For the sake of completeness, we shall also discuss the possibility of installing PHPUnit globally. What we mean by that is having one global installation of PHPUnit where the command-line tool, phpunit
, is on your $PATH
to make it globally available in all your projects.
A common approach for installing PHPUnit globally is to download a release of PHPUnit packaged as a PHP archive, make it executable, and put it into your $PATH
:
wget -O phpunit.phar https://phar.phpunit.de/phpunit-10.phar
chmod +x phpunit.phar
sudo mv phpunit.phar /usr/local/bin/phpunit
phpunit --version
PHPUnit 10.0.0 by Sebastian Bergmann and contributors.
Both Composer and Phive can be used to perform a global installation of PHPUnit.
Using such a global installation of PHPUnit is almost always a bad idea as the different projects you work on may require different versions of PHPUnit, for instance.
It is therefore best to use a project-local installation of the version of PHPUnit that should be used for the project at hand.

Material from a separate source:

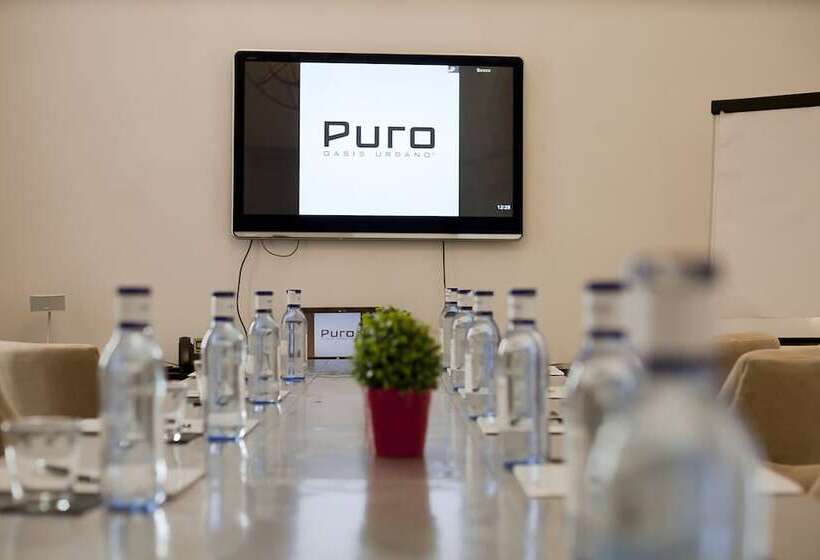 Puro Hotel Oasis Urbano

Consequently, the package manager of your operating system should not be used to install PHPUnit as this would result in a global installation of PHPUnit.
Web Server
PHPUnit is a framework for writing as well as a command-line tool for running tests. Writing and running tests is a development-time activity. There is no reason why PHPUnit should be installed on a web server.
If you put PHPUnit on a web server then your deployment process is broken. On a more general note, if your vendor
directory is publicly accessible on your web server then your deployment process is also broken.
Please note that if you put PHPUnit on a web server “bad things” may happen. You have been warned.
Make sure your deployment process does not make PHPUnit, or any other development tool, publicly accessible on a web server.